Section 3 ORS 509.216 (a) Requires the commission to “permit the use of seines for the taking of salmon in the Columbia River.” (b) Allows the commission to permit the use of “fixed fishing gear for the taking of salmon by commercial purposes from the Columbia River” You can download a PDF file of the complete text of Measure 81 at: nomeasure81.com/wp-content/ uploads/2012/…/Measure-81-text.pdf. To see
the full text of the current applicable laws, go to: oregonlaws.org and enter the ORS number of interest (e.g. 509.216)
Governor Kitzhaber’s Plan
On August 9, 2012, Oregon Governor John Kitzhaber sent a letter to the heads of the Oregon Fish and Wildlife Commission and the Oregon Department of Fish and Wildlife (ODFW), outlining how he would like Oregon’s Fish and Wildlife Commission to resolve the long conflict between recreational and commercial fishermen in the Columbia River. He stated that changes in the management of the Columbia River Fisheries must be made and that changes (like Measure 81) that do not benefit both recreational and commercial interests are unacceptable.
Kitzhaber requested that the process begin immediately so that the rule making process can be completed by the end of 2012.
Key elements of Kitzhaber’s plan include: Phasing out non-tribal gillnets in the mainstem of the Columbia River during a defined transition period of a few years.
Reserving the mainstem of the Lower Columbia River for recreational fishing only.

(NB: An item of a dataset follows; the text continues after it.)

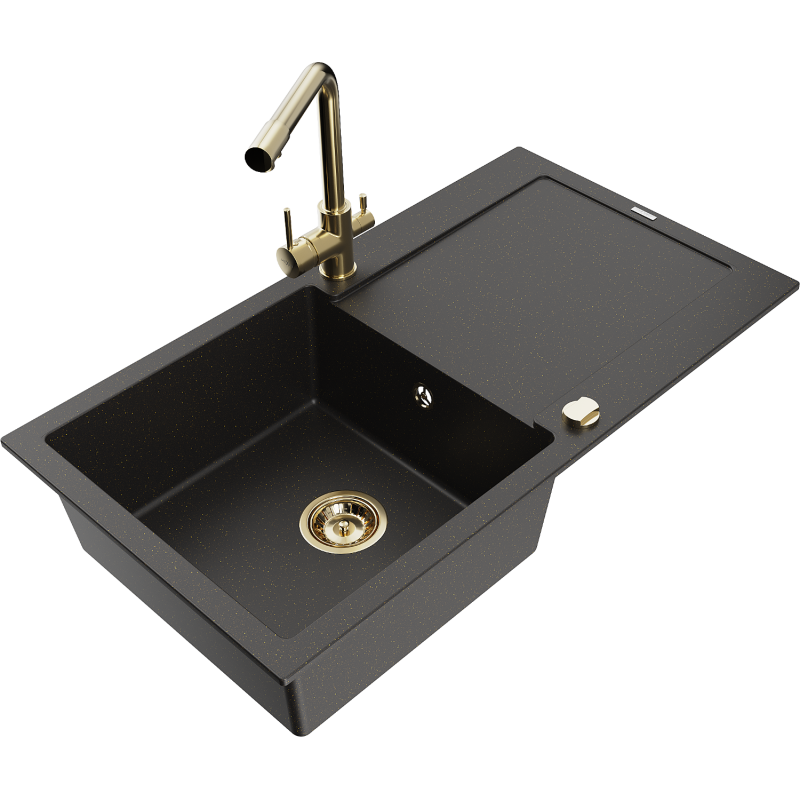 Mexen Leo granite sink 1-bowl with drainer and Duero kitchen tap, black/gold metallic - 6501-75-671600-50-B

Segregating gillnetters to off-channel areas such as Young’s Bay and Blind Slough.
Redistributing the commercial share of mainstem fishery harvest impacts to recreational fisheries.
Enhancing off channel fisheries by increasing hatchery production in those areas and changing/expanding boundaries and/or creating new locations where commercial fishing will be allowed.
Development of alternative selective fishing gear (e.g. purse seining) for commercial mainstem fisheries.
Working jointly with the State of Washington to develop concurrent policies. (Laws enacted under Measure 81 would apply to Oregon only, causing differing policies in a joint use area.)